Yeni bir yolculuk oluyor her kelime.

Aynaların rengi değişiyor.

Suların kokusunu duyuyorum.

Kuşlar gibi hafifliyorum.

Hayat tazeleniyor birden;

Yaşamak bu, diyorum.

Ellerimi yeniden görüyorum.

Adımı, yaşımı unutuyorum.

Okuduğum neyse işte o!

O kelimeler doluyor gözlerime.

Kitaba uzakları, uzaktan tanıyorum;

Kelime yok gözlerinde.

Kitap okuyalım;

Ne olacaksa; olsun!

Ülke olarak yılda kişi başına bir saat kitap okumak düşüyormuş. Ülke nereye gidiyor, sorusuna gerek kalmıyor; yerinde sayıyor; arada bir geriye gidiyor; sık sık da duruyor.
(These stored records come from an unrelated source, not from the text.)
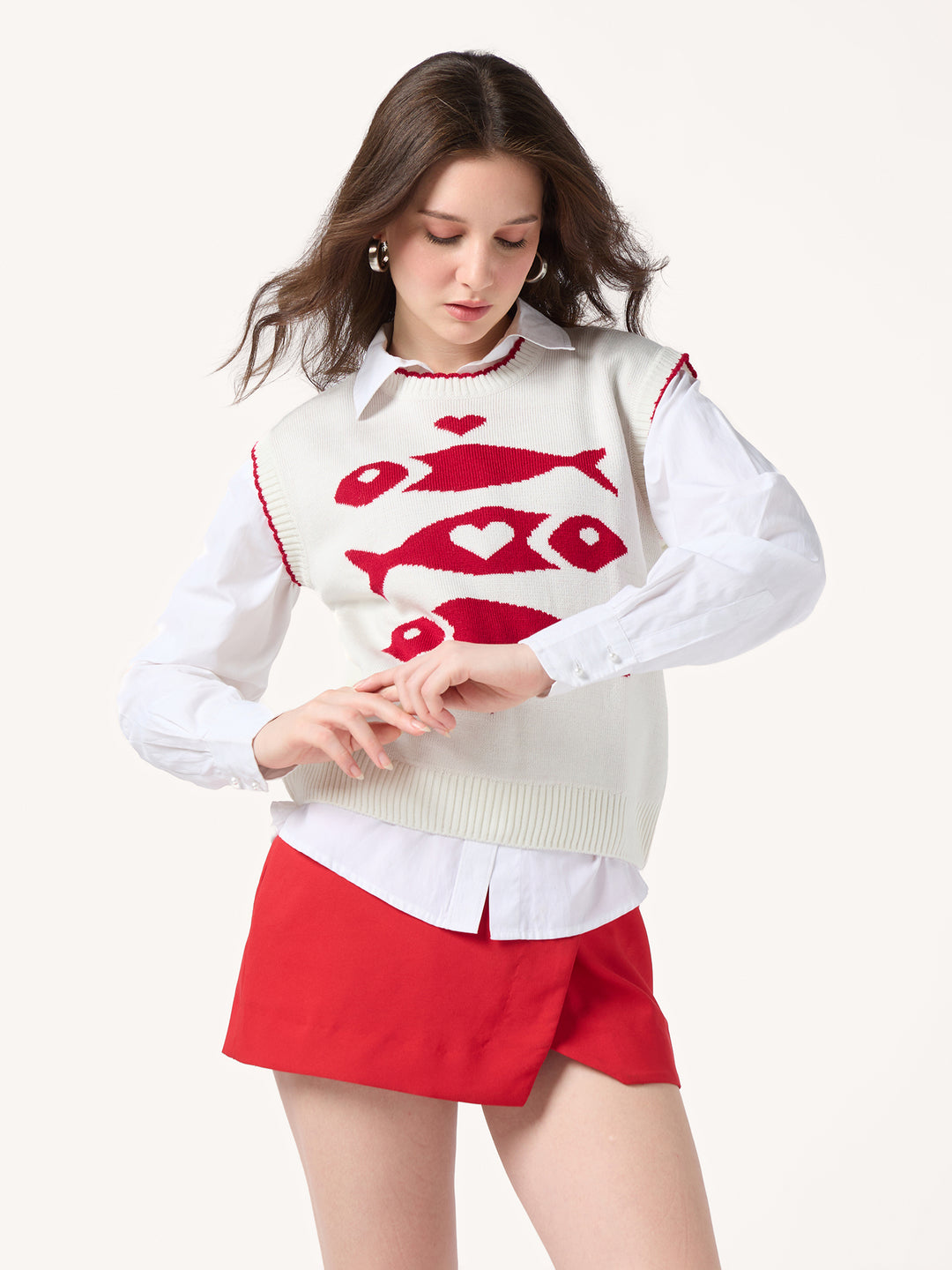 Off White Sleeveless Contrast Rib Sweater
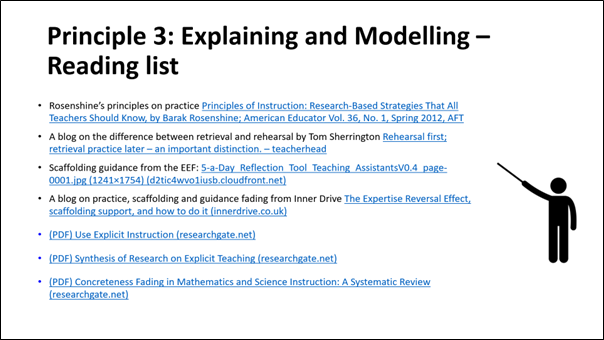 PearceMrs's tweet photo. Really enjoying creating materials to support the implementation of evidence-informed T&amp;L - guidance materials, best practice descriptors, resources to help schools make the principles context specific, CPD materials and reading lists.  🤓🤓 https://t.co/QXZKYlCJUC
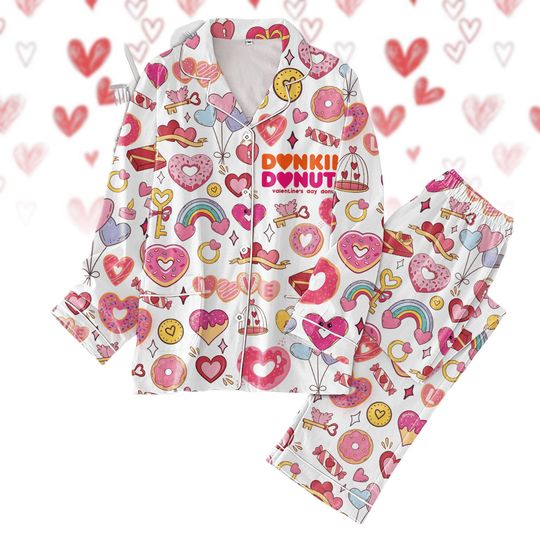 Dunkin Donut Valentine Pajamas Set, Coffee Lover Holiday Pajamas, Drinking Lover Midnight Shirt, Dunkie Junkie Bridesmaid Pajamas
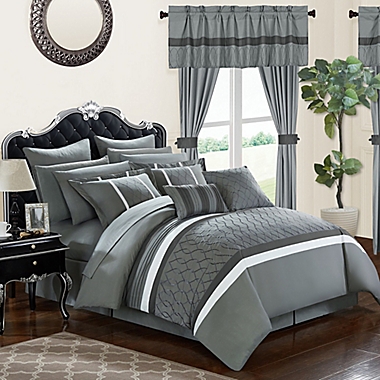 Chic Home Molly 24-Piece King Comforter Set in Grey. View a larger version of this product image.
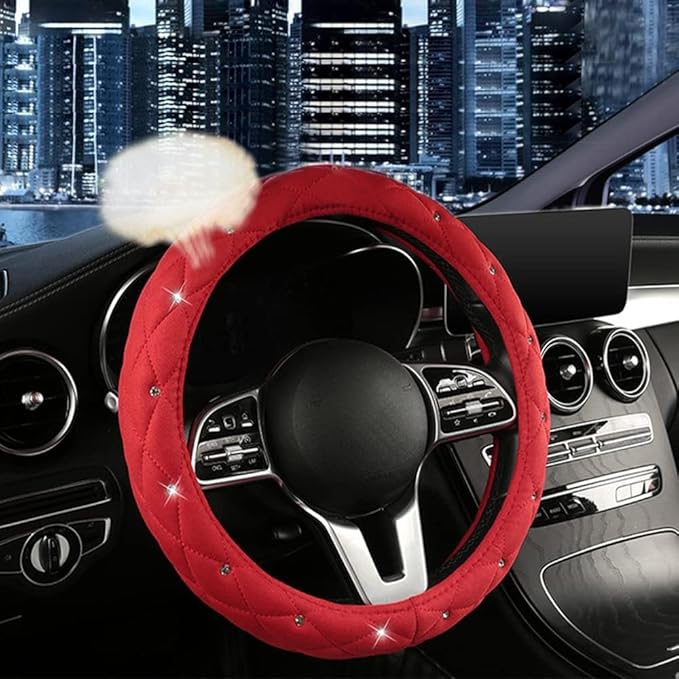 15Inch Leather Steering Wheel Cover Women Cute Bling Crown Steering Wheel Covers Universal fit Car (Red)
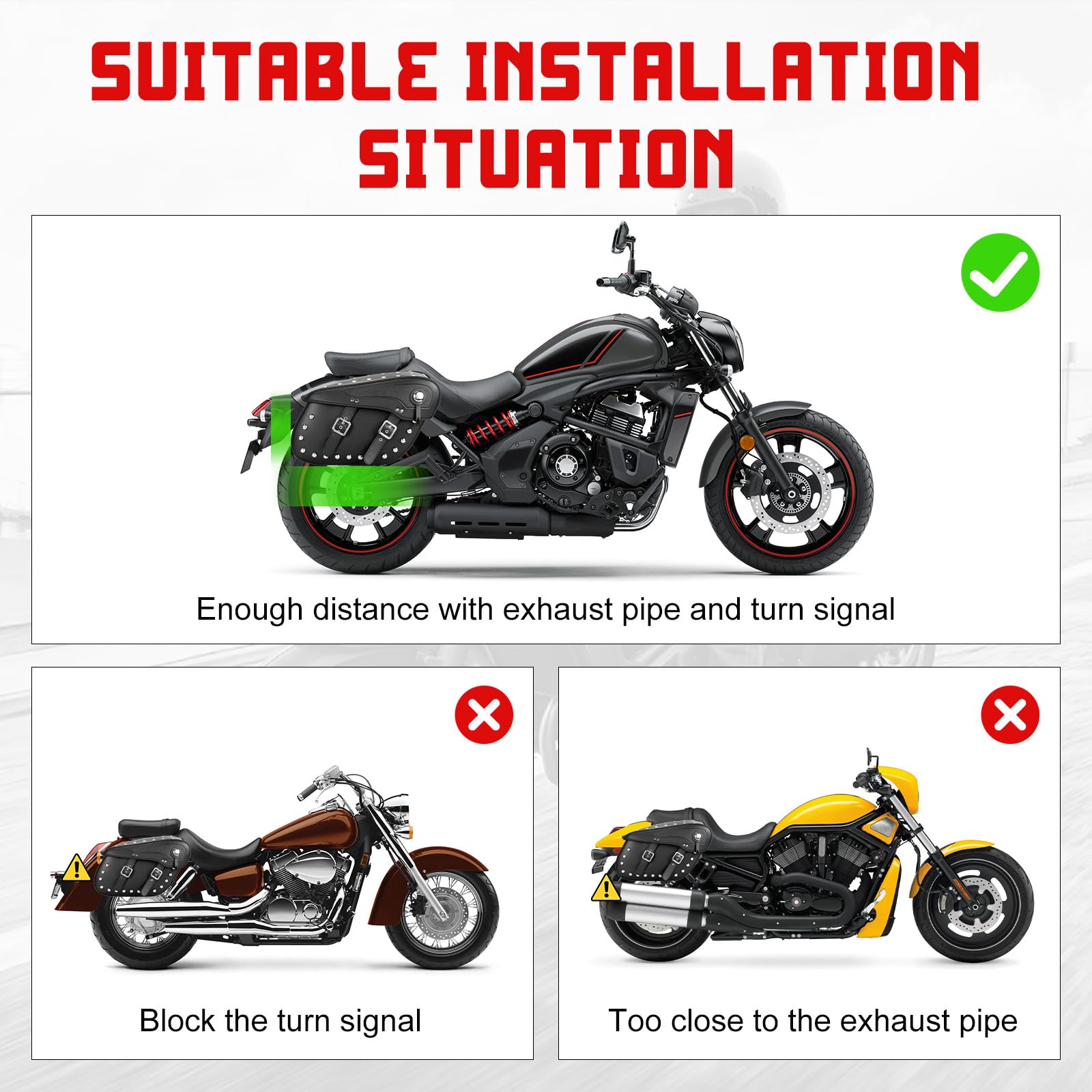 INNOGLOW Motorcycle Saddlebags - 2PCS Synthetic Leather Side Bags with Rivets, Waterproof Tool Storage for Harley, Kawasaki, Suzuki, Ducati Cruiser & Bobber - Perfect for Road Trips, Commuting & Adventure Riding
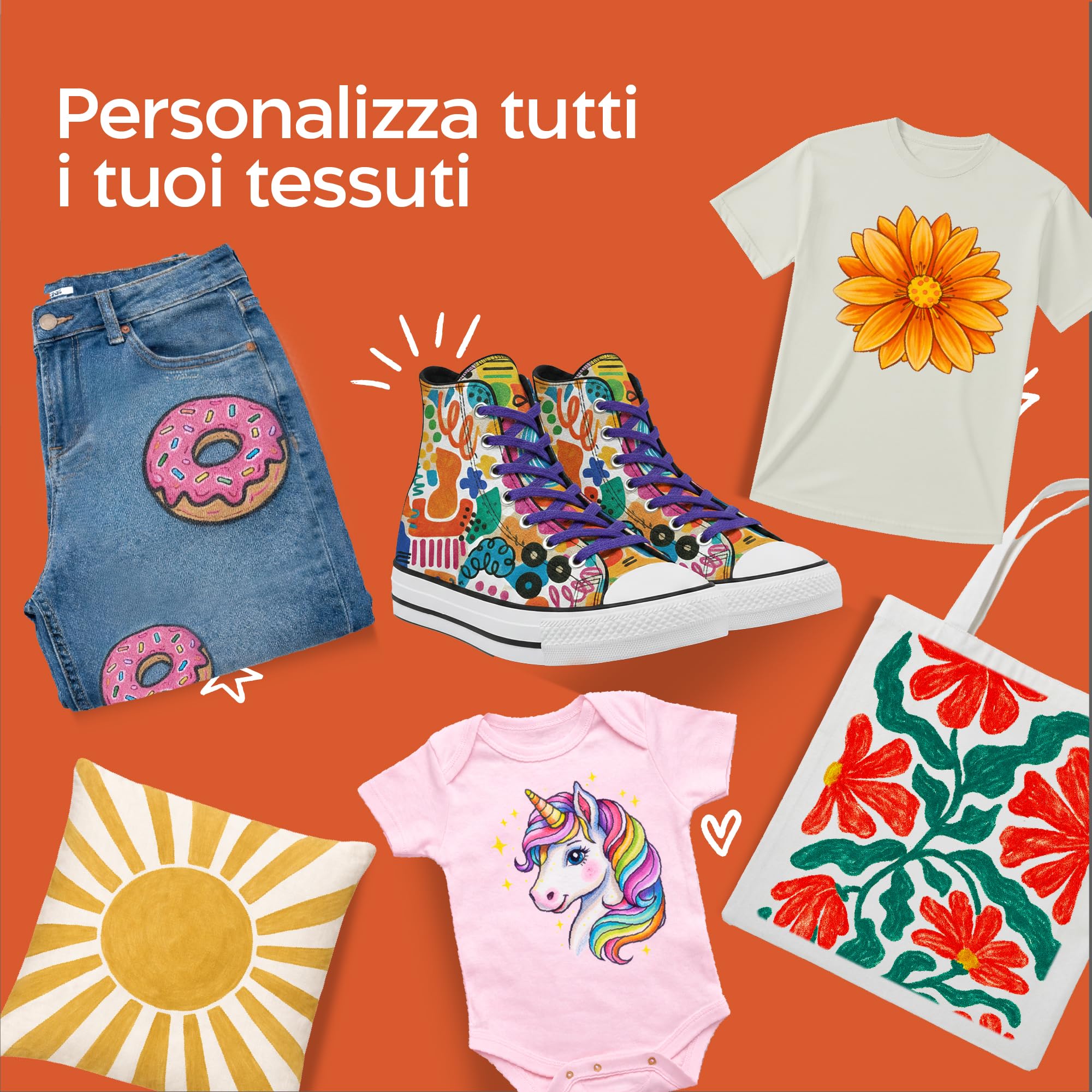 Zenacolor 20 Pennarelli per Tessuti e Stoffa - Colori per Tessuti Atossici, Indelebili e Permanenti a Punta Fine - Ideali per Magliette, Borse in Stoffa e altri Tessuti - Per Bambini e Adulti - 5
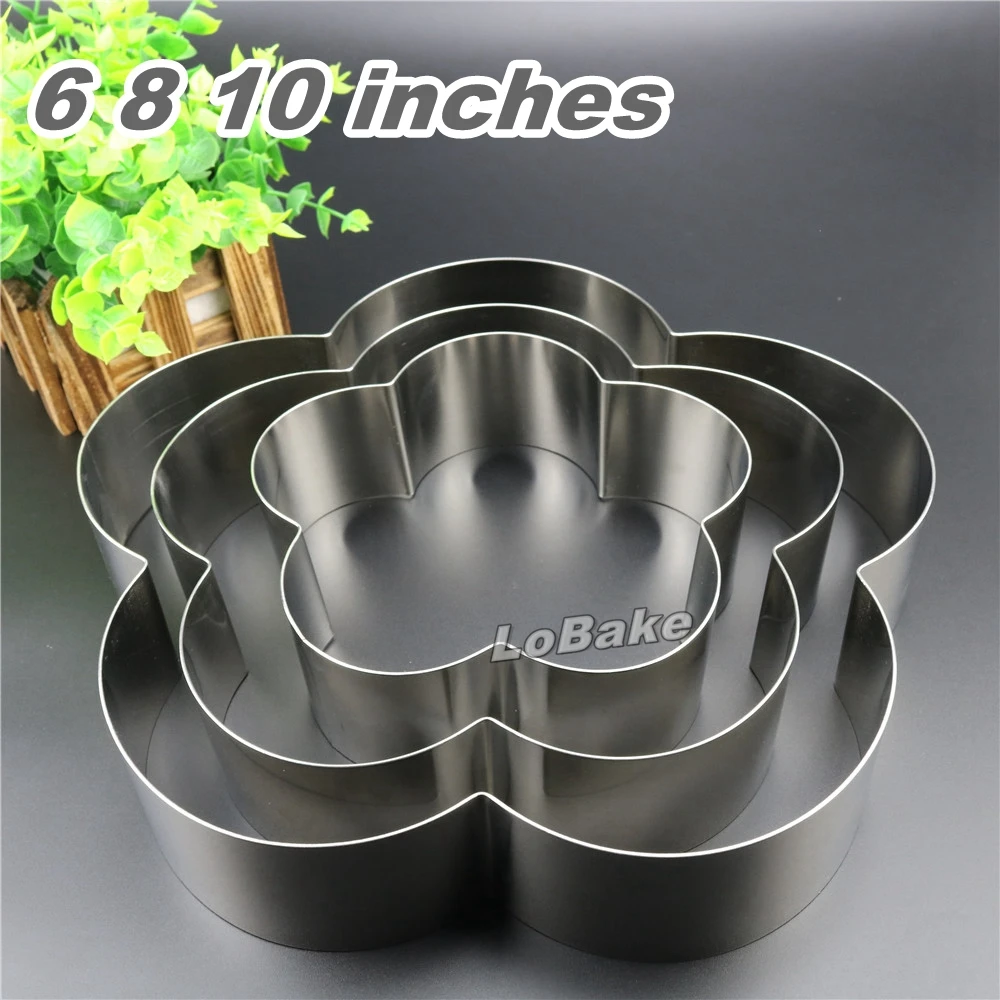 (3 units/set) 6 8 10 inches 5cm height five-petaled flower stainless steel mousse ring cheese tiramisu fondant bread cale mold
Almanya yüz saati geçkin kitap okusun da... geç bakalım Almanya'yı, Japonya'yı!

Türkçeyi güzel konuşan öğretmenler çok azlıktan biraz ileriye gitse...

Kitaplar -peynir pahalı- ekmek gibi satılsa... (Belki okunur da...)

Silah fabrikaları kapansa...

Kimse kimseye hakaret etmeden konuşsa...

Ümit kıranlar olmasa...

Mecburi kitap okuma 444 olsa...

Okullar dört yıl dışında mecbur olmasa...

Eğitim işi yabancılara sorulduğu kadar biraz da bize sorulsa...

İnşaat işleri yetse, bitse, dursa hattâ...

Geceleri şoför acemileri kornayla oynamasa...

Vergi alacak durumdakilerden vergi alınmasa...

Bankaların yerine insandan anlayan kurumlar gelse...

Cimri zenginler cömert olsa...

Kitaplar raflarda tozlanmasa...

Doktorlar, ilaçlar, hastaneler bu kadar kurtarıcı gibi abartılmasa...

Kişi inanmadığı bir şeyi konuşmasa...

Mevsimleri göreduyakoklaya yaşayanlar biraz çoğalsa...

Öğrencilerin kendilerini anlatacak kadar olsun kelime hazinesi yok; hâlâ müfredat diyorlar; ister gül ister ağla!